A limitation that is shared by all heat-based modalities that primarily affects treatment efficacy within the peripheral zone is the heat sink effect [13]. This effect refers to the dissipation of thermal energy from the ablation zone by blood flowing within an adjacent blood vessel; tumoral tissue in continuity with blood vessels thus may not reach cytotoxic temperatures. As the relative proportion of central to peripheral zone within the overall ablation zone varies from one modality to another, the significance of the heat sink effect is modality dependent. This effect has been most extensively evaluated with RFA. Preclinical studies have shown that the heat sink effect can be consistently demonstrated with blood vessels greater than 3 mm in size. This effect has also been observed in the clinical setting, with higher rates of recurrence in tumors adjacent to large blood vessels [14].

A commonly used threshold for lethal hyperthermia is 50°C; that is, for temperatures above 50°C, coagulative necrosis due to protein denaturation occurs essentially immediately, while for temperatures just below 50°C, sustained exposure is required for cell death [4, 5, 15]. At lethal hyperthermic temperatures, cell death also occurs through mechanisms involving mitochondrial dysfunction [4] and suppression of DNA replication [16]. If immediate cell death is not achieved, a delayed response due to heat-induced cellular damage can be observed after the return to normothermic conditions. In this setting, cell death can occur through apoptosis, possibly driven by vascular thrombosis resulting in tissue ischemia or by reperfusion injury [4, 17].

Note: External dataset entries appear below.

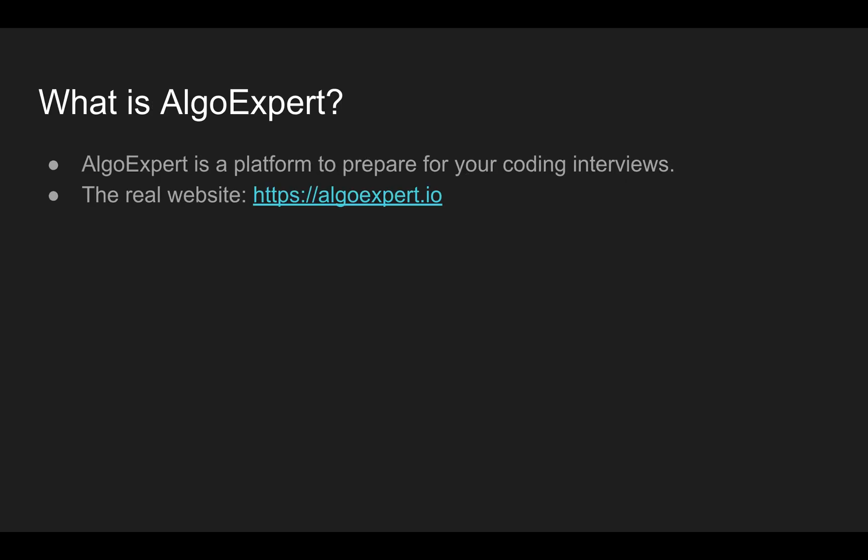What is AlgoExpert? AlgoExpert is the platform to prepare for your coding interviews. The real website, AlgoExpert.io, you can check it out. That's what we'll try to mimic.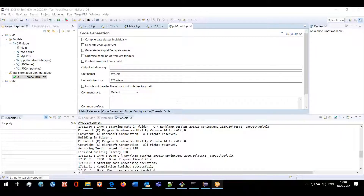Hello everyone, this is Yelena Volkova. I will now show you the improvements in the model compiler that we have implemented during this sprint. I will start with support for unit subdirectory and pre-compiled headers.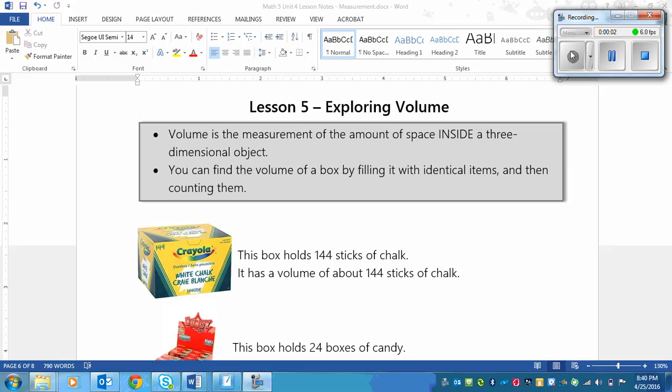This is a lesson on exploring volume, and this is going to be a short, painless lesson. We're going to get further into volume and it's going to get more complex, but this is going to be a pretty simple lesson.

2.1. Radiofrequency Ablation

Radiofrequency ablation requires the insertion of one or more RF applicators within a target lesion under imaging guidance, typically ultrasound or computed tomography (CT). One or more grounding pads is also placed on the patient at a site remote to the applicator, such as the patient’s back or thigh. An electrical circuit is thus established within the patient, and when a high power, alternating current is generated by a power source between the applicators and the grounding pads, energy is deposited via frictional heating of ions that oscillate due to the alternating current. Radiofrequency ablation achieves temperatures of 60–100°C within the central zone. At temperatures of above 100°C, tissue charring occurs, at which point impedance increases by orders of magnitude decreasing electrical conduction and rendering the technique less effective. The electrical conductivity of the tissue being ablated, therefore, plays an important role in the degree of heat generation. As Goldberg et al. estimate to a first-order approximation, RF-induced heat transfer can be simplified as follows: “coagulation necrosis = energy deposited × local tissue interactions − heat lost” [18].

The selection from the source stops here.